You might want to read that all again.
I said discrimination has potential good and bad points. In the world we live in, the bad massively outweighs the potential good.
EquALLity wrote:
Anyway, I'm not really necessarily denying that or your next comment (I'm unsure), I was just also interested in talking about this in an ideological way. I wasn't really thinking about it in practice there.
Ideology is not morality, it's deontological dogma. Morality is a matter of practice.
It's all well and fine to say lying is bad, but it isn't. It's a tool, which is usually used for bad. It does a lot of harm most of the time, and we generally shouldn't do it.
But when an assassin comes to you and asks the location of the target, is it wrong to lie?
EquALLity wrote:
They will? How do you know?
Ever seen a western? Or something based a couple centuries ago in England?
The law was made because that was true, and it was necessary. All of the brawls and duels weren't doing it for people. And they couldn't just hang everybody.
Today, you'd need to do some research to prove that has changed. But, read those links I posted for you. The issue is complex.

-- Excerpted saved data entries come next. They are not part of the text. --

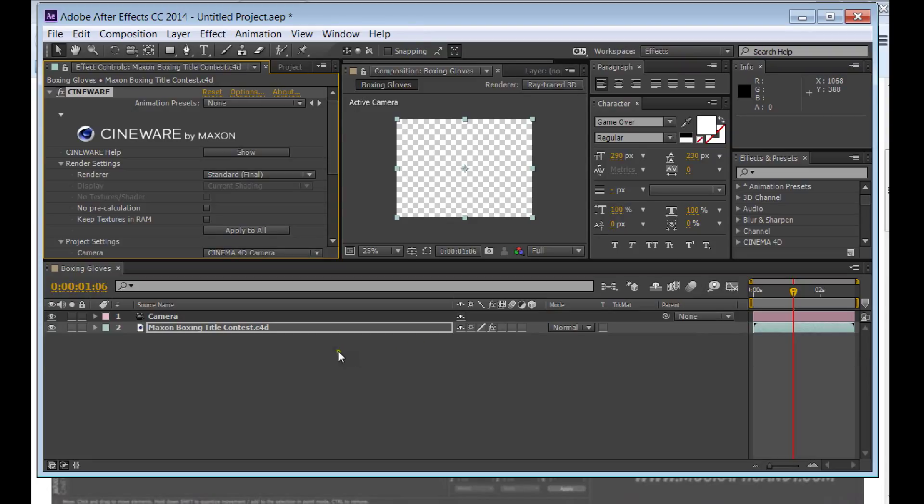Hey guys, this is Jonathan Holton with Mindwave Studios. We're going to show you how to get Cinema 4D Light working.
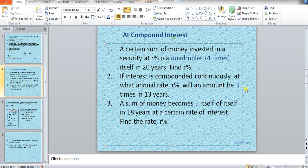A certain sum of money invested in a security at R% per annum quadruples — means becomes four times itself — in 20 years. Find R%. If interest is compounded continuously, at what annual rate R% will an amount be three times in 13 years? A sum of money becomes five times of itself in 18 years at a certain rate of interest. Find R%. These are the sample problems where we have been asked to find out R%.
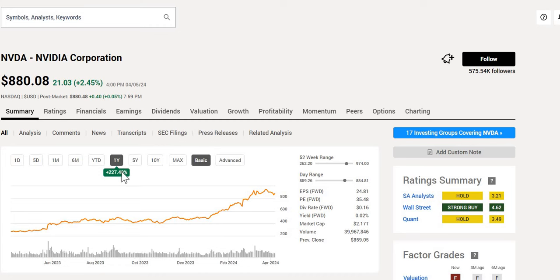Nvidia is up over 227% over the last 12 months, but is it too late to buy this company?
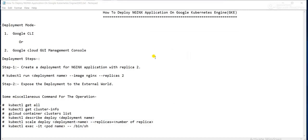I have prepared a small note for the setup. You can deploy an Nginx application in a GKE cluster in two ways: one is CLI, another is GUI. I will show you both methods so that it will be easy for you to understand.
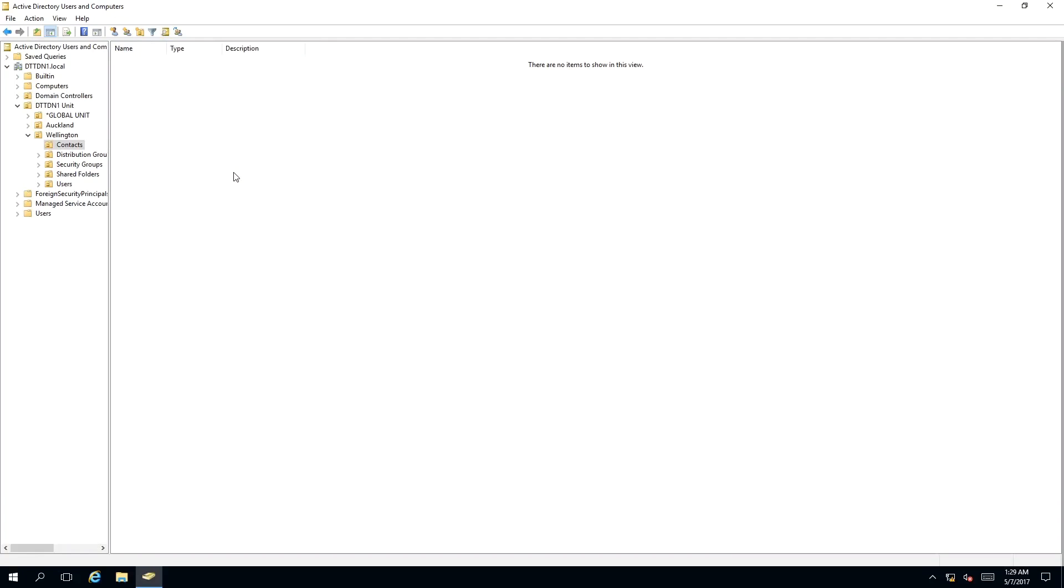To create a contact object in Active Directory we first need to select an organizational unit or container where we are going to create our contact. So we have selected contacts under the Wellington organizational unit.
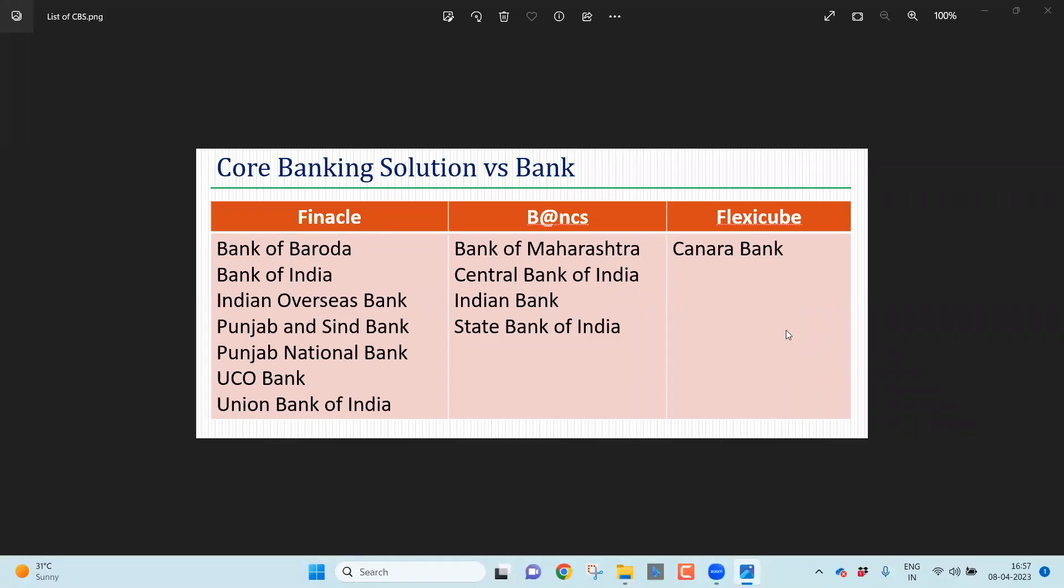Hi, welcome you all to my channel, The Exilism. Friends, this video is part of the series of videos on the statutory branch audit.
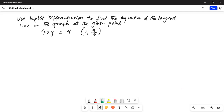It says: use implicit differentiation to find the equation of the tangent line in the graph at the given point. The graph is 4xy equal to 9, and the given point is (1, 9/4). So 1 is the x-coordinate and 9/4 is the y-coordinate of this paired data point.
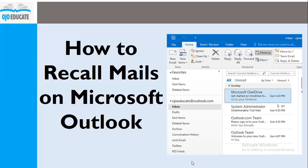Good day everyone and welcome to my channel Ojo Educate. Thank you for watching this video and this training. If you have not subscribed to this channel, please hit the subscribe button below.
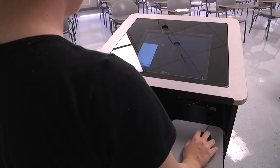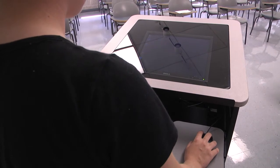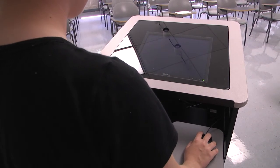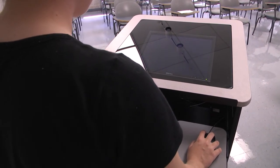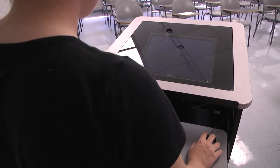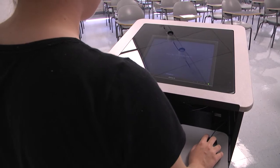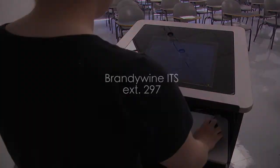Lastly, if you use the desktop PC, be sure to log off before you leave. If you are unable to resolve an issue or the equipment is malfunctioning, please contact the ITS department by dialing 297 from the classroom telephone.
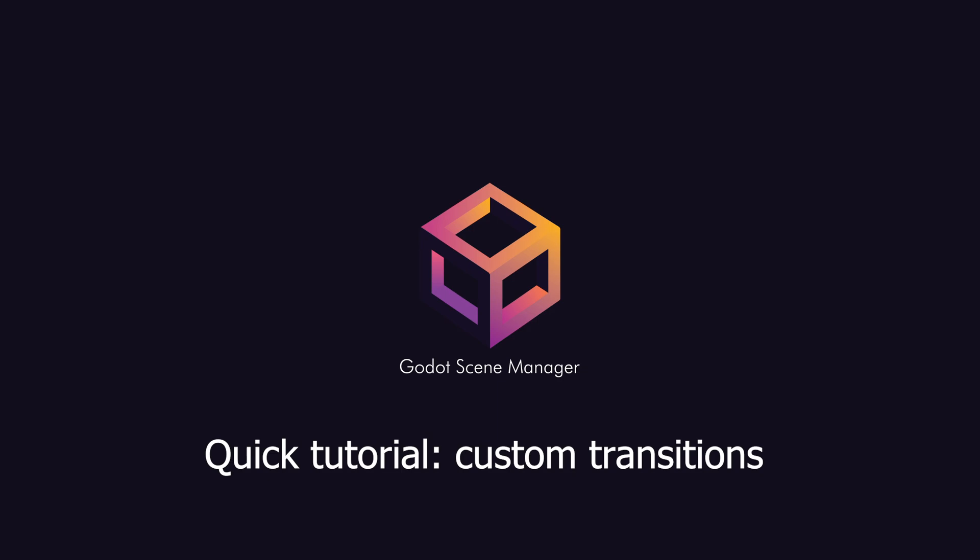Hey everyone, welcome to a quick tutorial on how we can create custom transitions.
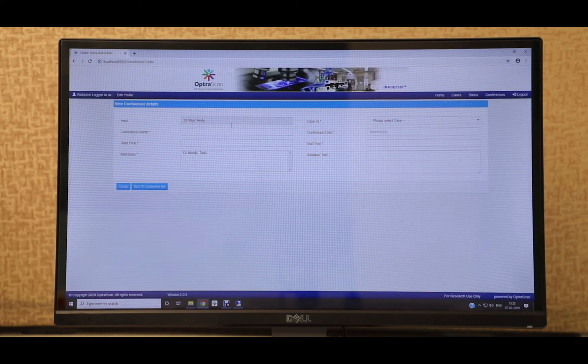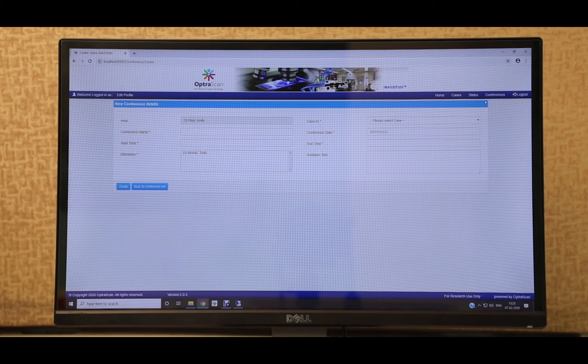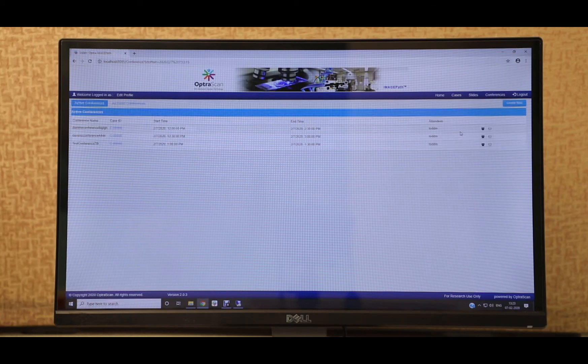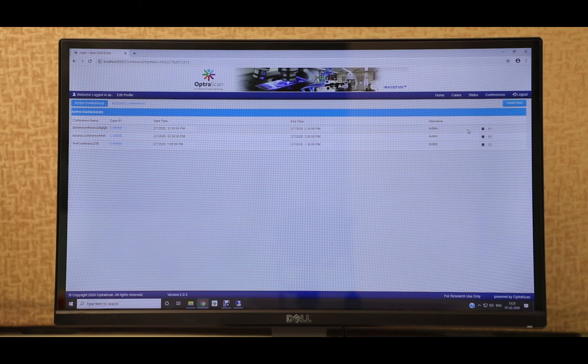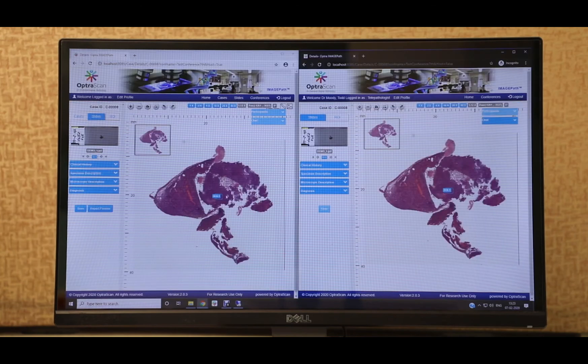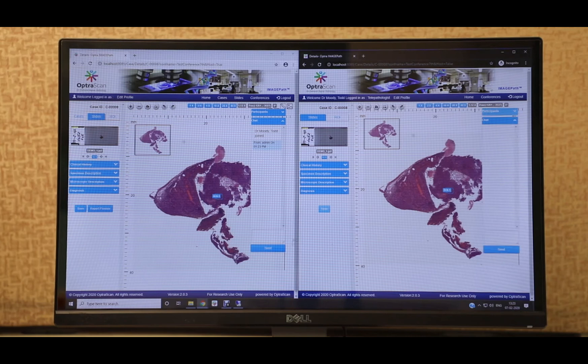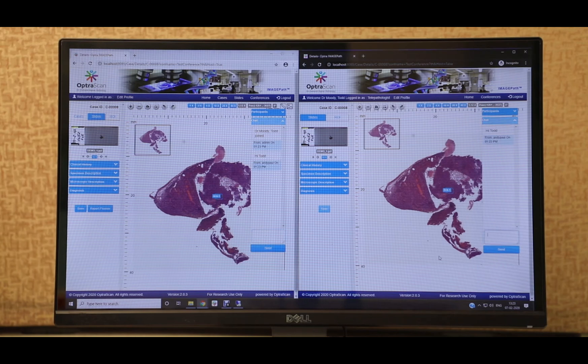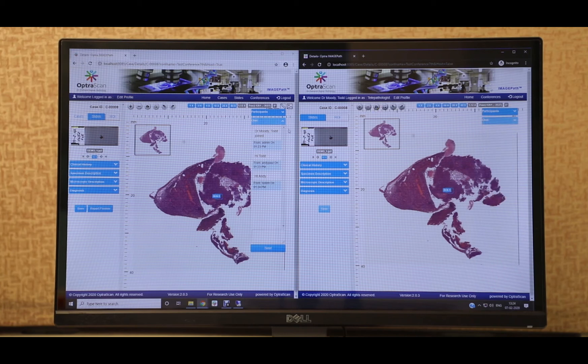With ImagePath, there is a TelePath feature integrated, allowing pathologists to easily share cases with other pathologists for consulting. This allows for a real-time conference between multiple pathologists. There is a chat box that allows users to communicate their opinions to each other. The chat is also saved for the host pathologist's reference when generating the final report.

The important question is whether the law does more harm than good, or more good than harm -- in both intended effects, and unintended.
The trouble with politics today (and for most of history in most places generally) is that politicians aren't scientists, and they often care more about ideology than facts. Fact based politics would be great. For now, without the data, in order to pass laws morally and with a mind to social stability, you have to go based on historical precedent, and make changes very carefully.
As to experimentation, that's how a republic works, ideally. One state or jurisdiction changes the law locally, and you get an experiment running (usually the law is changed by ideological idiots who insist it will work, and not people trying to make an experiment, so it's a poor one with poor controls run unwittingly, but it's an experiment nonetheless).
As it goes, you get to see if it was a terrible failure, or if it helped things. If it's successful in one place, others start copying it. And soon, it's national.
EquALLity wrote:
As long as we're talking about hypotheticals here (this law coming into action), I would also end policies etc. that cause people to go to jail for unnecessary reasons.
Yes, that would be smart. Unfortunately, most of our politicians are ideologues, who insist a wrong thing must be illegal, despite the law causing more harm than the thing it outlaws.
EquALLity wrote:
You can't blame them for that, you blame the people who overreacted.
It depends on the law. Whoever broke it is to blame. The question is a matter of harm vs. benefit.